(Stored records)
- - - - -

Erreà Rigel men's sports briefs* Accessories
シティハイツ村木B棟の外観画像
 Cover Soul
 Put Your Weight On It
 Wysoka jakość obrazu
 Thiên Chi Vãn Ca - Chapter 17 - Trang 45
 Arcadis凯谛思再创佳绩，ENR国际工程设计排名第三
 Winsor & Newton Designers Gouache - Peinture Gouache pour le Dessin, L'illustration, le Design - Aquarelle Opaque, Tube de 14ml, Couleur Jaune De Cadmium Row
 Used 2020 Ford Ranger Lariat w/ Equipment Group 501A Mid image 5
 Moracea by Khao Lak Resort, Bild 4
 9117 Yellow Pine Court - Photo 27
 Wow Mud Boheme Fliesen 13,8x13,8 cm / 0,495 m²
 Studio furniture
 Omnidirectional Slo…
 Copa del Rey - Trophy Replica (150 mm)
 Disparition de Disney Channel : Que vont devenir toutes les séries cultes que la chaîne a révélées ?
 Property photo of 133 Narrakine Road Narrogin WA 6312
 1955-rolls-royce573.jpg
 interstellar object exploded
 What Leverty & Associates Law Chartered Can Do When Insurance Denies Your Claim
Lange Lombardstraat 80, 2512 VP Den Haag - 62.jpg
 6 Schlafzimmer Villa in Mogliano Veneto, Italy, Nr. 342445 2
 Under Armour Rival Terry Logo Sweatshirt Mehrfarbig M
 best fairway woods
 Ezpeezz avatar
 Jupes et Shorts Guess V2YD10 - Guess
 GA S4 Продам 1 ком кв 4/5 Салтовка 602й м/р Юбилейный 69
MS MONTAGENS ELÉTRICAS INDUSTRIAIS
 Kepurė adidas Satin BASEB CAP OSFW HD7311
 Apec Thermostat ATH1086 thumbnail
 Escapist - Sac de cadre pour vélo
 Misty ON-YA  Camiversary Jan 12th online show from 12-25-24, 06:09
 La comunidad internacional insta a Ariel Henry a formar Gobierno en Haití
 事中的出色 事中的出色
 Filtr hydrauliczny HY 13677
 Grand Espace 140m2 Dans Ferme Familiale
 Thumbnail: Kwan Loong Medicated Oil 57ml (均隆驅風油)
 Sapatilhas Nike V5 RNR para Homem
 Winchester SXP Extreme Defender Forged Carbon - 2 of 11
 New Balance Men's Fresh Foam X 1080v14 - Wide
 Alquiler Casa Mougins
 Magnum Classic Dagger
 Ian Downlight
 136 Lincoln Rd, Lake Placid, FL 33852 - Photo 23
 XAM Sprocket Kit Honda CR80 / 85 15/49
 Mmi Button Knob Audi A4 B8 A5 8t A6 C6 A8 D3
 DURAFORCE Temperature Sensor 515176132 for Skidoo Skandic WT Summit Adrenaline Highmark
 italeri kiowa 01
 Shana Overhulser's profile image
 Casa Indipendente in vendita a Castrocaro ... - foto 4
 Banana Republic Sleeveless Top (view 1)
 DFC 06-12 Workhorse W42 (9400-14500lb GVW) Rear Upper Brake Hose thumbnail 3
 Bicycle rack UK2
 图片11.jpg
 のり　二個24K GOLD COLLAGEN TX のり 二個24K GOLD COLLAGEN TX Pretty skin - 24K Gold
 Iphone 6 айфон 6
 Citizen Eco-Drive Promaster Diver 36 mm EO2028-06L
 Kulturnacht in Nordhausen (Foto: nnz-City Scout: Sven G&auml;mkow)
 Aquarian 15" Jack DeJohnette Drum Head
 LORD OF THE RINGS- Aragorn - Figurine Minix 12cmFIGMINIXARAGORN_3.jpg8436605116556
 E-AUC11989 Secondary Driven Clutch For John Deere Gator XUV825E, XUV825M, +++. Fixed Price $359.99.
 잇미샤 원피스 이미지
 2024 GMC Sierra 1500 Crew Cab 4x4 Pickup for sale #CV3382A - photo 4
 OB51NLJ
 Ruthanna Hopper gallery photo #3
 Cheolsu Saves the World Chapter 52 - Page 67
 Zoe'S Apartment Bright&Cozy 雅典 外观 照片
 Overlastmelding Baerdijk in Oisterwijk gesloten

- - - - -

Check each line above for the word "Casa". Then state how many lines contain it, and nothing more.

- [RESULT OF THIS TASK]
2